▸ **REQUIRED WORK**: Give the listing again character for character, but drop the images.

▸ **RECORDED DATA**:
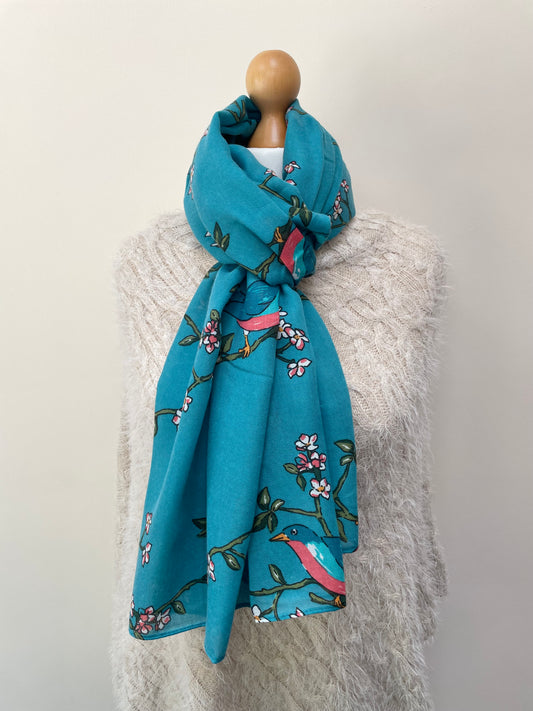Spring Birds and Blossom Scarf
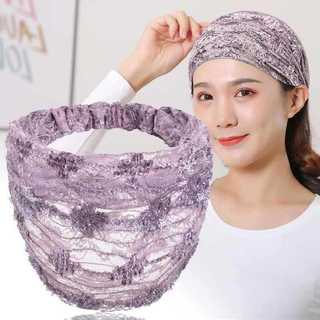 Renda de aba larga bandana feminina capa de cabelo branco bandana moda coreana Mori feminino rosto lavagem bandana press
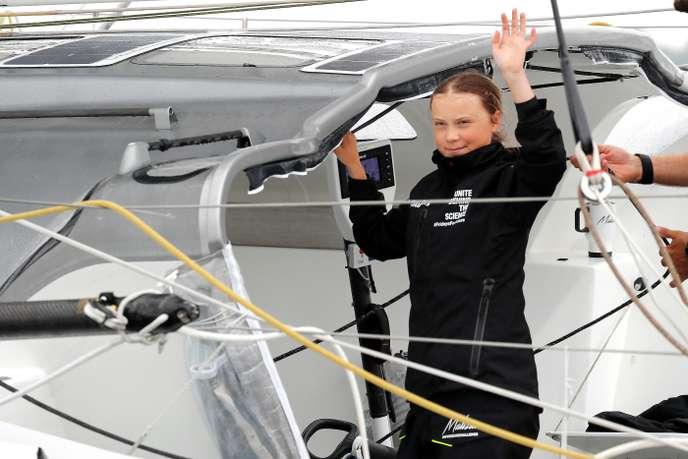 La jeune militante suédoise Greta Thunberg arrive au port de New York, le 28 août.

▸ **TASK RESULT**:
Spring Birds and Blossom Scarf
 Renda de aba larga bandana feminina capa de cabelo branco bandana moda coreana Mori feminino rosto lavagem bandana press
 La jeune militante suédoise Greta Thunberg arrive au port de New York, le 28 août.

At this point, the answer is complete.